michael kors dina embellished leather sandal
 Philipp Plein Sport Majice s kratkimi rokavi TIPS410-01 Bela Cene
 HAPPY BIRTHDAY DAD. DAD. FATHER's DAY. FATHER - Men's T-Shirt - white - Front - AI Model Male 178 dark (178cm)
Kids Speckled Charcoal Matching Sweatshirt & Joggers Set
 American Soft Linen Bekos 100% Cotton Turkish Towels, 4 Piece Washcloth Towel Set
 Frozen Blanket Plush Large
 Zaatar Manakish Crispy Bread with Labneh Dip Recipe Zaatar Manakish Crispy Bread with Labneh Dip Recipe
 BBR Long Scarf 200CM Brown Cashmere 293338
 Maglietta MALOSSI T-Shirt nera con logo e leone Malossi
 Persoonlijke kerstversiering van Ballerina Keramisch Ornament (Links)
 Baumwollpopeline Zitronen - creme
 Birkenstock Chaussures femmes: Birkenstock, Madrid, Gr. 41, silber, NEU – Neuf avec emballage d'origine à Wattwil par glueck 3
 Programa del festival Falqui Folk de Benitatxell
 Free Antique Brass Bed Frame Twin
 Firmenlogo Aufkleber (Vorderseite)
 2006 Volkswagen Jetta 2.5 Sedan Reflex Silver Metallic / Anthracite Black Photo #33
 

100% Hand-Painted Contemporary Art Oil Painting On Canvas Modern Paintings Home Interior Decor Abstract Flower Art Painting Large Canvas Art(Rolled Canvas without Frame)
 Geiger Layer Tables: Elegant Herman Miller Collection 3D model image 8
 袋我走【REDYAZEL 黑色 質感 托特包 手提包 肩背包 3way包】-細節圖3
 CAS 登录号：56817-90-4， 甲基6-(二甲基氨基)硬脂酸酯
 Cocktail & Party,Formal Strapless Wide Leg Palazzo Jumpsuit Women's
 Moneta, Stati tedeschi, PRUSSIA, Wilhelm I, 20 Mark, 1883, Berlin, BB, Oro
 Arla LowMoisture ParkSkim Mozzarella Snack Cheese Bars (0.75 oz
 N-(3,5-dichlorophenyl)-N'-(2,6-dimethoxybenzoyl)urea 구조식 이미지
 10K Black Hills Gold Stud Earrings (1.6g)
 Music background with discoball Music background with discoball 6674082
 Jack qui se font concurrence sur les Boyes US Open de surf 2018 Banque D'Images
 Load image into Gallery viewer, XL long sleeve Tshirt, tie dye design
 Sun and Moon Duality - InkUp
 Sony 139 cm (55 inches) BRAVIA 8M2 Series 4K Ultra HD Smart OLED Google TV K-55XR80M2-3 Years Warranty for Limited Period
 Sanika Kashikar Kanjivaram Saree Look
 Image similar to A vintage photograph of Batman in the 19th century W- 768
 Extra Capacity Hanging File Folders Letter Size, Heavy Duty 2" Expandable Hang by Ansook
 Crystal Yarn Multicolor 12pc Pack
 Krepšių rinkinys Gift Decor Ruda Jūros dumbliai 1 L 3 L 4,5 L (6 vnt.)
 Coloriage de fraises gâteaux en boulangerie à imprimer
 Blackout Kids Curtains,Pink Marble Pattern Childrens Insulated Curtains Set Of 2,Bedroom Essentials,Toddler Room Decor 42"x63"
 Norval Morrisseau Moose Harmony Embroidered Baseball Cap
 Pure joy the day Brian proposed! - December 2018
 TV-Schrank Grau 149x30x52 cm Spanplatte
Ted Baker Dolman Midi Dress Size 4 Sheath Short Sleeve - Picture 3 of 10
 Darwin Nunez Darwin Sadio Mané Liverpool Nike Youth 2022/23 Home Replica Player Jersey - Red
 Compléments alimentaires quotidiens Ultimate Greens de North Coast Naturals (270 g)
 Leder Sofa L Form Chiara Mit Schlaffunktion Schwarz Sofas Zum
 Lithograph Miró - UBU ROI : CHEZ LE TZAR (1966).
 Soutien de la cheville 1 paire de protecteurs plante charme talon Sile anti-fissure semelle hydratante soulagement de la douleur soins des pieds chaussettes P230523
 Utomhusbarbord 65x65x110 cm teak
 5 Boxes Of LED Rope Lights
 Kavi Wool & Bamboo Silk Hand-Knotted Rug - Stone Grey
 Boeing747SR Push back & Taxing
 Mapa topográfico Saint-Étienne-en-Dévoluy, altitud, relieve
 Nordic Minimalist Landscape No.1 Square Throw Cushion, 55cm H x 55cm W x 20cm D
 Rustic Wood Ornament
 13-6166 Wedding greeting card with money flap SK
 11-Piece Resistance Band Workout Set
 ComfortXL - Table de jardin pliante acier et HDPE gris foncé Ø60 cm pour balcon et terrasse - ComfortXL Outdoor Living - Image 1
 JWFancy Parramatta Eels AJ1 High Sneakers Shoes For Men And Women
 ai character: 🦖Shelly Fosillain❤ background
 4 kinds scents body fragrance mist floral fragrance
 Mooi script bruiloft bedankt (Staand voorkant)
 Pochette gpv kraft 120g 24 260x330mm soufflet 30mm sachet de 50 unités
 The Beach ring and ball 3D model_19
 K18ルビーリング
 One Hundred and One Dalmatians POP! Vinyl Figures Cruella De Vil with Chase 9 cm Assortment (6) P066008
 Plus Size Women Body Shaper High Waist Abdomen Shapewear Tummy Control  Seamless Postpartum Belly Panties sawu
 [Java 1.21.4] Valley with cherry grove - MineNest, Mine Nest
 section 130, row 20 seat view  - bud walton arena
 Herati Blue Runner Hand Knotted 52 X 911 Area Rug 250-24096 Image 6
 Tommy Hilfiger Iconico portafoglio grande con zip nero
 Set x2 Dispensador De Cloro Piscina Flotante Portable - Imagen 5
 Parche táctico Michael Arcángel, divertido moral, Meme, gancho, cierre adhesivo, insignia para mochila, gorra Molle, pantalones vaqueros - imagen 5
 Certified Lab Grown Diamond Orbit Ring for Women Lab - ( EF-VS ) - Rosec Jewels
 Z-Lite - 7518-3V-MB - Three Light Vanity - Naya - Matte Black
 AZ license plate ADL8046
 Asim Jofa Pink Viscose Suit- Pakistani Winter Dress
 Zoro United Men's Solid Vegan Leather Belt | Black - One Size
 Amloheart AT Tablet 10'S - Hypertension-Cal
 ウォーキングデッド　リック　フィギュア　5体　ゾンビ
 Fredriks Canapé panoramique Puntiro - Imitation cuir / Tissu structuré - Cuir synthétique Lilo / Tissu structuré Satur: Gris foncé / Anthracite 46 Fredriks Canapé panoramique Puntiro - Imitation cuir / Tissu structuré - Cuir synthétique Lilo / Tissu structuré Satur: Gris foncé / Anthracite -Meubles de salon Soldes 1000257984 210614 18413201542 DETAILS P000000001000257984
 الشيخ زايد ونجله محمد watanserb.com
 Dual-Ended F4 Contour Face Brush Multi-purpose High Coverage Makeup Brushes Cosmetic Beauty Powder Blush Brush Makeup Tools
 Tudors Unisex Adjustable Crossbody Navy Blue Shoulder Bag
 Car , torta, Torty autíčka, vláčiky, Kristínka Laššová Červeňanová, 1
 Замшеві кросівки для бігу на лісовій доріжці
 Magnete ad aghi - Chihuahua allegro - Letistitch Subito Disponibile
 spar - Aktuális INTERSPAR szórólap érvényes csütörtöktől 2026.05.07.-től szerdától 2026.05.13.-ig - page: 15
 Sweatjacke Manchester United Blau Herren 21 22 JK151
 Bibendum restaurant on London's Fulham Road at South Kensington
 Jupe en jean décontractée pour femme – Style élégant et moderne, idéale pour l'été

-------

Would you print exactly the lines from the first line of the entries above through the line that has "CAS 登录号：56817-90-4， 甲基6-(二甲基氨基)硬脂酸酯", both included, and stop there?

> [Response]:
michael kors dina embellished leather sandal
 Philipp Plein Sport Majice s kratkimi rokavi TIPS410-01 Bela Cene
 HAPPY BIRTHDAY DAD. DAD. FATHER's DAY. FATHER - Men's T-Shirt - white - Front - AI Model Male 178 dark (178cm)
Kids Speckled Charcoal Matching Sweatshirt & Joggers Set
 American Soft Linen Bekos 100% Cotton Turkish Towels, 4 Piece Washcloth Towel Set
 Frozen Blanket Plush Large
 Zaatar Manakish Crispy Bread with Labneh Dip Recipe Zaatar Manakish Crispy Bread with Labneh Dip Recipe
 BBR Long Scarf 200CM Brown Cashmere 293338
 Maglietta MALOSSI T-Shirt nera con logo e leone Malossi
 Persoonlijke kerstversiering van Ballerina Keramisch Ornament (Links)
 Baumwollpopeline Zitronen - creme
 Birkenstock Chaussures femmes: Birkenstock, Madrid, Gr. 41, silber, NEU – Neuf avec emballage d'origine à Wattwil par glueck 3
 Programa del festival Falqui Folk de Benitatxell
 Free Antique Brass Bed Frame Twin
 Firmenlogo Aufkleber (Vorderseite)
 2006 Volkswagen Jetta 2.5 Sedan Reflex Silver Metallic / Anthracite Black Photo #33
 

100% Hand-Painted Contemporary Art Oil Painting On Canvas Modern Paintings Home Interior Decor Abstract Flower Art Painting Large Canvas Art(Rolled Canvas without Frame)
 Geiger Layer Tables: Elegant Herman Miller Collection 3D model image 8
 袋我走【REDYAZEL 黑色 質感 托特包 手提包 肩背包 3way包】-細節圖3
 CAS 登录号：56817-90-4， 甲基6-(二甲基氨基)硬脂酸酯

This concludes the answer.